No, non è un inno spassionato alla lotta partigiana. No, non è ancora il 25 aprile. No, non è nemmeno la versione rielaborata, sulle note di Come Mai degli 883. Bella ciao è la canzone che mi viene da cantare a squarciagola dopo una sessione di binge watching su Netflix. Ma come? Una multinazionale quotata in borsa, prodotto della globalizzazione, ha il potere di far salire il comunismo? Sì. E la causa di tutto questo è La casa di carta, una serie tv spagnola (fermi lì, non è la classica soap opera in stile Uomo ape dei Simpson) del 2017, distribuita in tutto il mondo da Netflix.
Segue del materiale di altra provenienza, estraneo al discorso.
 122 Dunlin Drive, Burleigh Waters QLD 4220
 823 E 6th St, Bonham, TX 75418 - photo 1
Una sola stagione, divisa in due parti, racconta la storia di otto persone reclutate al fine di rapinare la zecca di stato spagnola; l’ideatore dell’impresa impossibile è un uomo che si fa chiamare Il Professore.
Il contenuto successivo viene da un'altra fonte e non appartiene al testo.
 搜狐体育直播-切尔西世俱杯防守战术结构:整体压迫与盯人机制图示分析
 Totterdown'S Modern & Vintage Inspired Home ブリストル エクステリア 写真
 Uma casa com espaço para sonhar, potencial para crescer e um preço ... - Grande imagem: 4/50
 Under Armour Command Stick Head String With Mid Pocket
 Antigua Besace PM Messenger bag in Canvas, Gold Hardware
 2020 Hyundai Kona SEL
La serie è un mix tra più generi, dal crime al thriller, dal pulp — del caro vecchio Quentin — al dramma.
I riferimenti infatti non sono pochi: gli pseudonimi scelti dal Professore per ogni componente della banda (Tokyo, Berlino, Mosca, Denver, Nairobi, Oslo, Helsinki) sono un chiaro richiamo/riferimento a Le iene di Tarantino; il luogo nel quale si svolge l’intera serie, cioè la zecca di stato spagnola, ricorda il claustrofobico Inside Man di Spike Lee; la tensione che si crea nel rapporto tra il Professore e l’ispettrice Murillo, incaricata di trattare con i ladri fa tornare in mente Walter White ed Hank Schrader in Breaking Bad; infine la vicenda degli ostaggi ci riporta direttamente nel Litchfield di Orange Is the New Black (senza Piper Chapman per fortuna).
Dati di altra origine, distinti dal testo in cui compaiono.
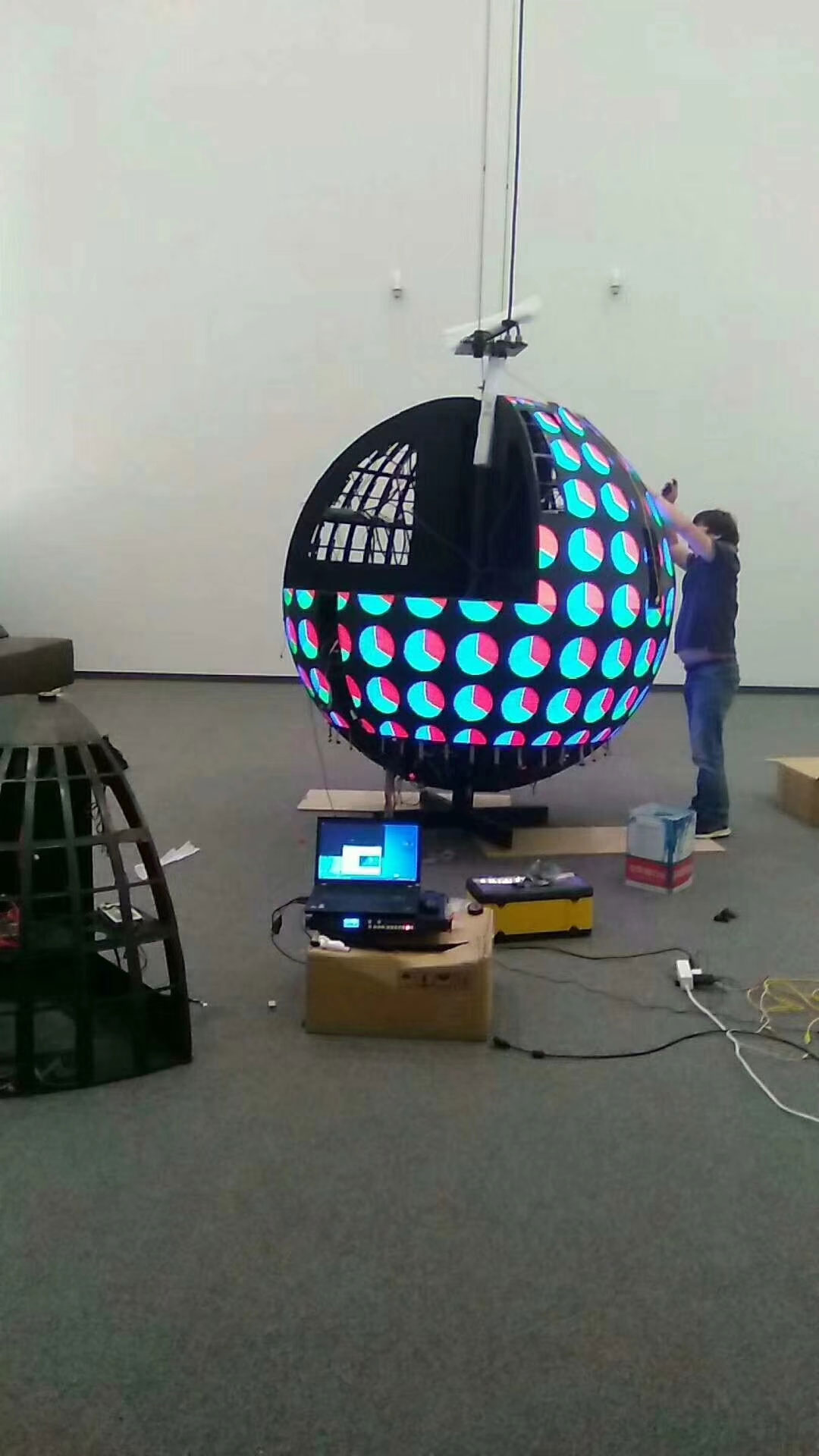 球形<a href=http://m.aqlfk.com target=_blank class=infotextkey>led顯示屏</a>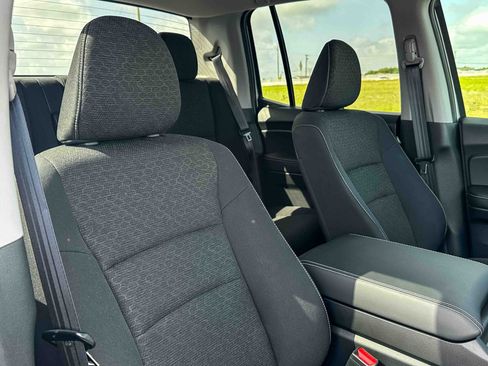 Used 2025 Honda Ridgeline Sport image 25
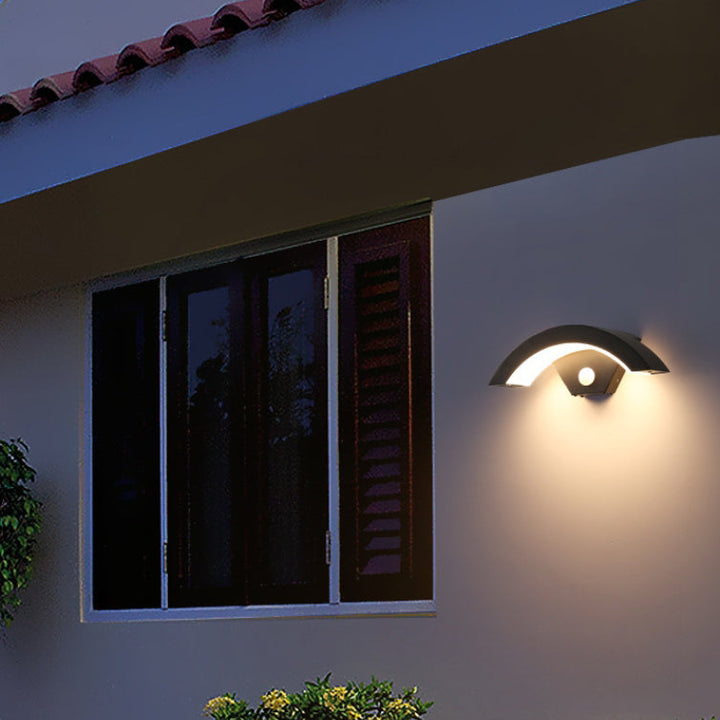 Modern Minimalist Curved Aluminum Acrylic LED Wall Sconce Lamp For Garden | Kalsten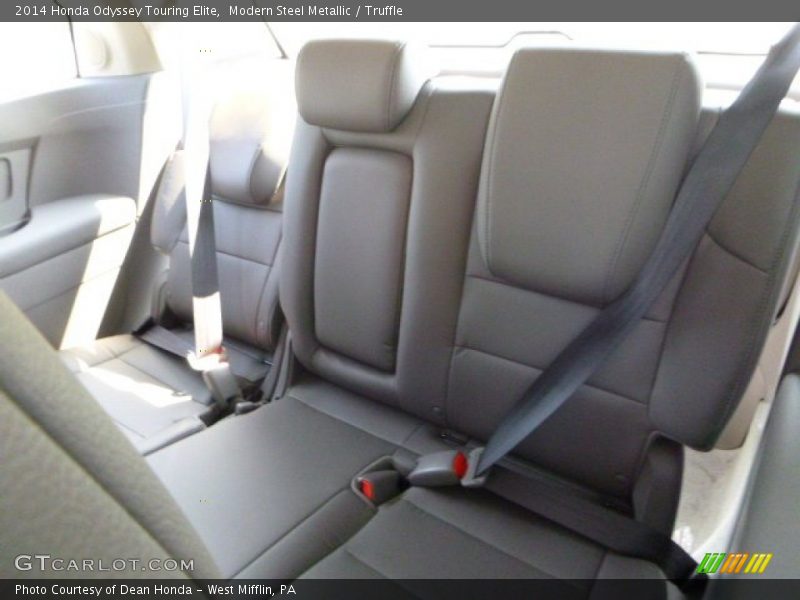 Modern Steel Metallic / Truffle 2014 Honda Odyssey Touring Elite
Come si può ben notare, quindi, La casa di carta, nel periodo di massimo onanismo citazionista culminato con Ready Player One di Spielberg (o, meglio, Tutti gli uomini del deficiente che ha fatto i soldi), si colloca perfettamente al centro della scena pop odierna. Personaggi ben caratterizzati, cliffhanger al termine di ogni episodio e, soprattutto, scene di azione degne della rapina in banca del Joker Nolaniano (le maschere di Dalì utilizzate per il colpo non sono un caso).
Interessante anche il messaggio mandato dalla serie: un atto illegale come una rapina può avere il consenso della popolazione? Un enigma irrisolvibile, ma pur sempre affascinante, che ci portiamo dietro dall’Antigone di Sofocle. Qui la manipolazione raggiunge livelli altissimi, con una critica al sistema europeo sicuramente più pregnante di una qualsiasi analisi demagogica e, d’altronde, nella Spagna di Podemos non c’è da stupirsi.
Il tutto racchiuso da una colonna sonora incalzante, che raggiunge l’apice con Bella ciao. La canzone diventa la protagonista principale della rapina, rappresenta una forma di ribellione nei confronti del sistema; ma, al tempo stesso, il significato di libertà, evasione e resistenza non viene snaturato. Bella ciao negli ultimi mesi è diventata una hit da stadio, roba che neanche gli Ska-P ai bei tempi, ed è entrata prepotentemente nei servizi streaming più mainstream di sempre, quali Netflix e Spotify.
Insomma, nel periodo di massima crisi per la sinistra europea, La casa di carta si pone come argine al capitalismo imperante, diventando al tempo stesso un prodotto del capitalismo imperante.
Si combatte il nemico dall’interno. Geniale.